Berita Bandung, FaktaindonesiaNews.com – Menjelang bulan suci Ramadan, Satuan Polisi Pamong Praja (Satpol PP) Kota Bandung bersinergi dengan aparat penegak hukum untuk menggelar Operasi Cipta Kondisi di wilayah hukum Kota Bandung. Langkah ini bertujuan menciptakan lingkungan yang aman dan kondusif bagi masyarakat selama menjalankan ibadah.

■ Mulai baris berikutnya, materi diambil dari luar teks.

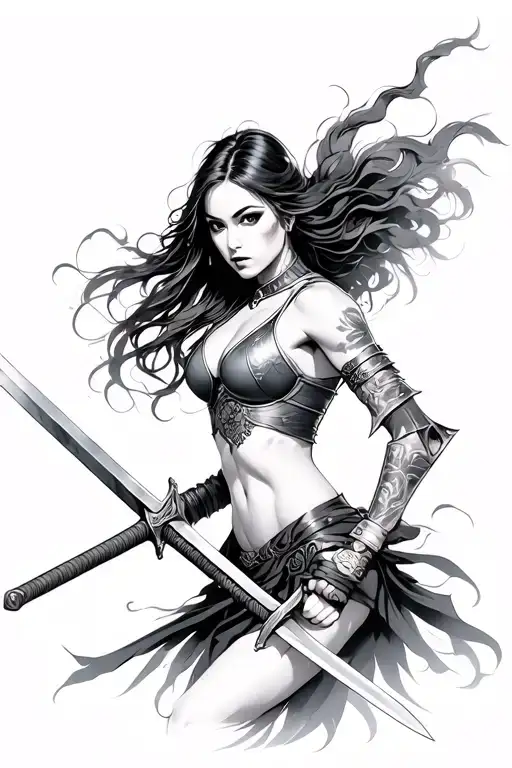 Beautiful Female Warrior Wielding A Sword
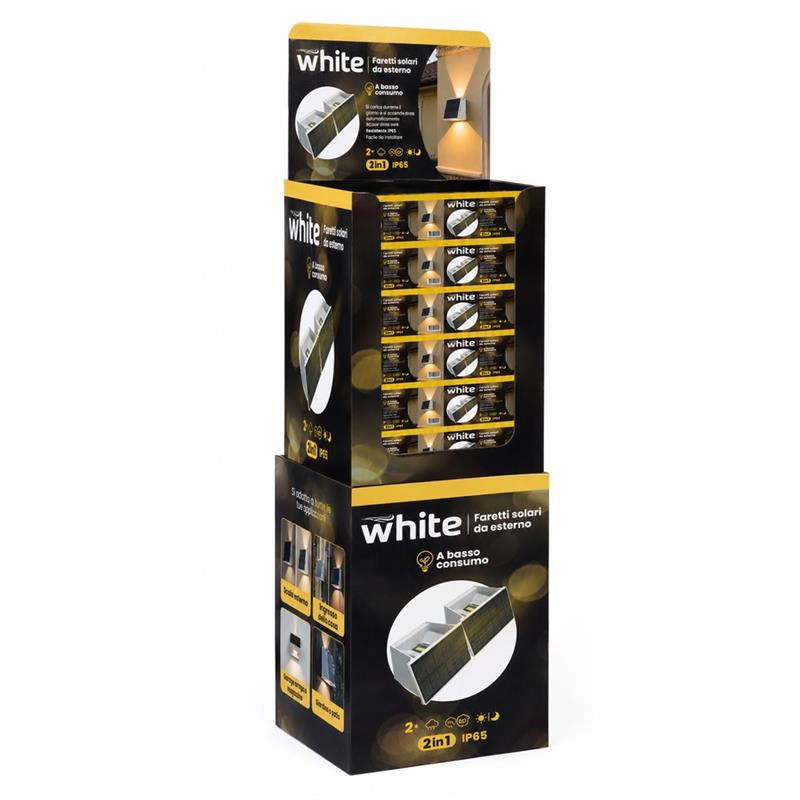 APPLIQUE LED SOLARE BIDIREZIONALE BIANCA
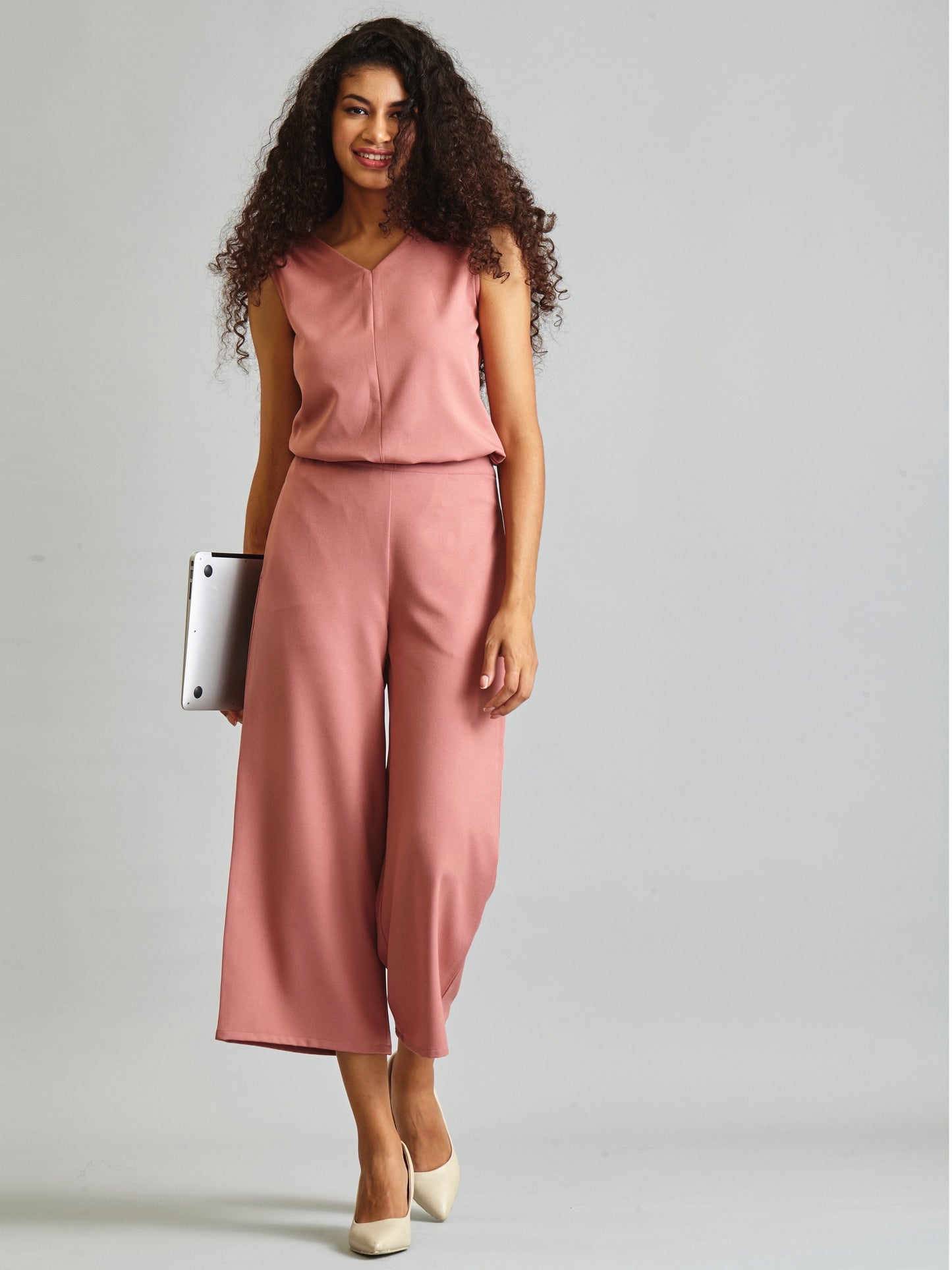 Side Zipper Culottes - Pink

Operasi ini akan melibatkan Tim Yustisi yang terdiri dari Satpol PP, TNI, Polri, dan Kejaksaan. Fokus utama penertiban adalah minuman beralkohol (minol), norma kesusilaan, serta peredaran obat-obatan terlarang. Kepala Satpol PP Kota Bandung, Rasdian Setiadi, menegaskan bahwa operasi ini merupakan bagian dari upaya menegakkan peraturan daerah (Perda) dan menjaga ketertiban umum.
“Kami ingin memastikan situasi yang kondusif selama Ramadan. Operasi ini akan ditindaklanjuti dengan proses tindak pidana ringan (tipiring),” ujar Rasdian dalam rapat koordinasi pada Rabu, 5 Februari 2024.
Selain itu, operasi akan difokuskan pada sepuluh titik prioritas yang mencakup sektor sosial, reklame, dan fasilitas umum. Yang dianggap perlu mendapatkan perhatian lebih. Rasdian juga berharap kegiatan ini tidak hanya berjalan selama Ramadan, tetapi dapat berkelanjutan sepanjang tahun demi menciptakan ketertiban di Kota Bandung.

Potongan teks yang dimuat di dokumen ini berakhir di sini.